福岡のオフィス市場は、オフィス需要がコロナ禍で受けたダメージから回復し空室率と成約賃料は概ね横ばいで推移していたが、今年に入り、新規オフィスビル供給の増加を受けて空室率は再び上昇に転じている。本稿では、福岡のオフィス市況を概観した上で、2027年までの賃料予測を行う。

2. 福岡オフィス市場の現況

2. 福岡オフィス市場の現況

2-1. 空室率および賃料の動向
三幸エステートによると、福岡市の空室率(2023年5月時点)は、新規大規模オフィスビルが空室を残して竣工した影響により5.2%(前年比+1.2%)に上昇した(図表-1)。

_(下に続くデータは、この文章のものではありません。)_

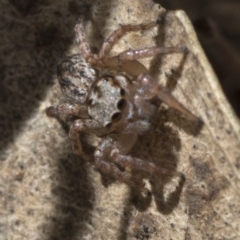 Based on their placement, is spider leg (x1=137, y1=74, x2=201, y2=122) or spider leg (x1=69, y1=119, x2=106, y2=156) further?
spider leg (x1=69, y1=119, x2=106, y2=156)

福岡市の空室率を規模1別にみると、「大規模4.5%(前年比+1.7%)」と「大型4.8%(同+1.7%)」が上昇する一方、「中型6.6%(同▲0.2%)」と「小型7.2%(同▲0.2%)」がわずかに低下し、規模間の格差が縮小した(図表-2)。テレワークの普及や働き方の変化等に伴うワークプレイスの見直しが進むなか、まとまった面積の募集では、入居テナントの決定に時間を要する事例が増えている。
図表-1 主要都市のオフィス空室率/図表-2 福岡オフィスの規模別空室率
全国主要都市では、オフィス床の解約や事業拠点の一部閉鎖などに伴い、空室面積が増加傾向にあり、成約賃料にも頭打ち感がみられる。2022年下期の福岡市の成約賃料は、前期比▲3.3%、前年同期比▲2.1%となった(図表-3)。
図表-3 主要都市のオフィス成約賃料(オフィスレント・インデックス)
2022年の空室率と成約賃料の動き(前年比)を主要都市で比較すると、空室率は、上昇と低下で分かれる結果となった。また、成約賃料は、札幌市が上昇、東京都心5区が下落、その他の都市は概ね横ばいで、福岡市の空室率と賃料はともに前年とほぼ変わらずであった(図表-4)。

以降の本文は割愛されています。